Banque mondiale : 216 millions de migrants climatiques à prévoir d’ici 2050

WASHINGTON, DC, 13 septembre 2021 (ENS) – Le changement climatique pourrait forcer 216 millions de personnes dans six régions du monde à se déplacer dans leur pays d’ici 2050, selon un nouveau rapport de la Banque mondiale, publié aujourd’hui. Des points chauds de migration climatique interne pourraient apparaître dès 2030 et continuer à se propager et à s’intensifier d’ici 2050.

Pourtant, une action immédiate et concertée pour réduire les émissions mondiales et soutenir un développement vert, inclusif et résilient pourrait réduire l’ampleur de la migration climatique jusqu’à 80 %, selon le rapport.
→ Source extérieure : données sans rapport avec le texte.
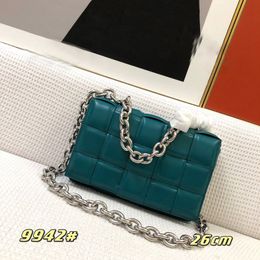 5A designer tas crossbody geweven blauw damesmode schoudertassen ketting vintage echt leer gevlochten vierkant luxe bakken cross body portemonnee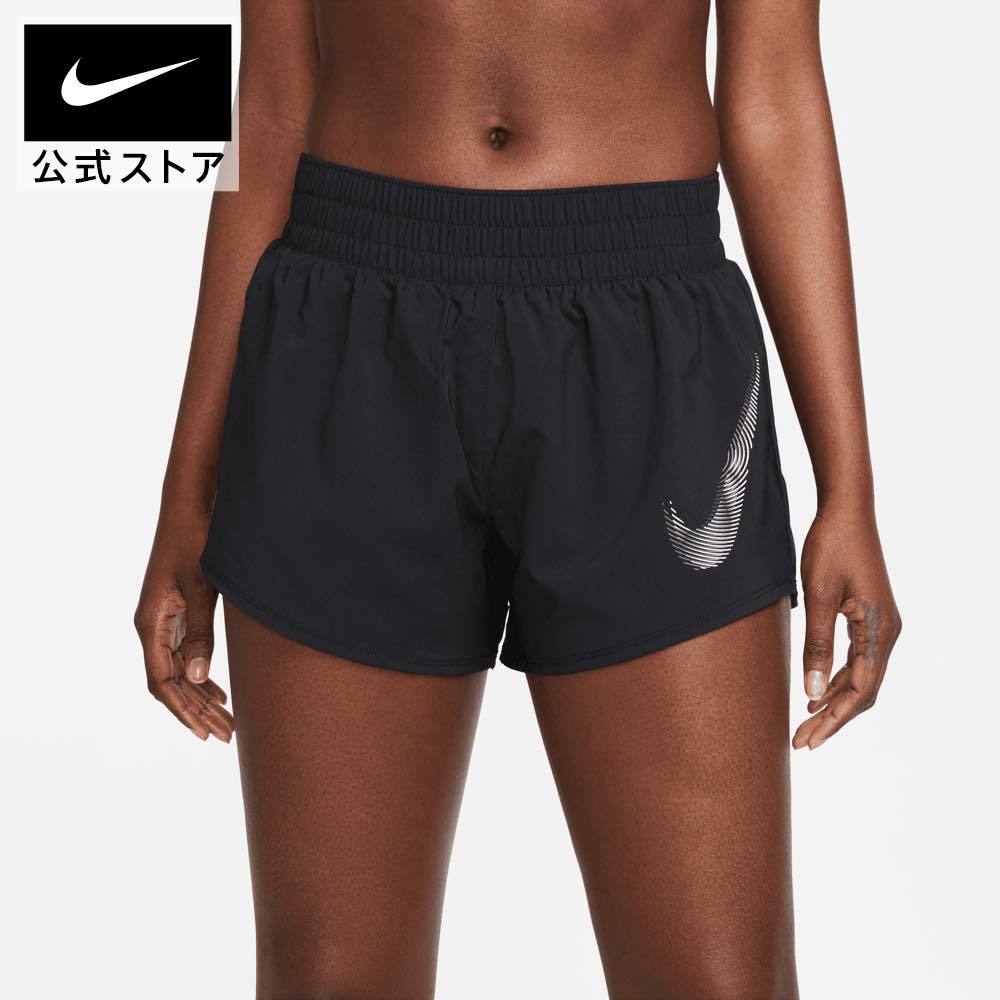 กางเกงวิ่งขาสั้นเอวปานกลางมีซับในผู้หญิง Nike Dri-FIT One Swoosh ของแท้ ป้ายไทย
« Le rapport Groundswell est un rappel brutal du bilan humain du changement climatique, en particulier sur les plus pauvres du monde – ceux qui contribuent le moins à ses causes. Il trace également clairement la voie à suivre pour que les pays s’attaquent à certains des facteurs clés à l’origine des migrations liées au climat », a déclaré Juergen Voegele, vice-président du développement durable de la Banque mondiale.

« Toutes ces questions sont fondamentalement liées, c’est pourquoi notre soutien aux pays est positionné pour atteindre ensemble les objectifs climatiques et de développement tout en construisant un avenir plus durable, sûr et résilient », a déclaré Voegele.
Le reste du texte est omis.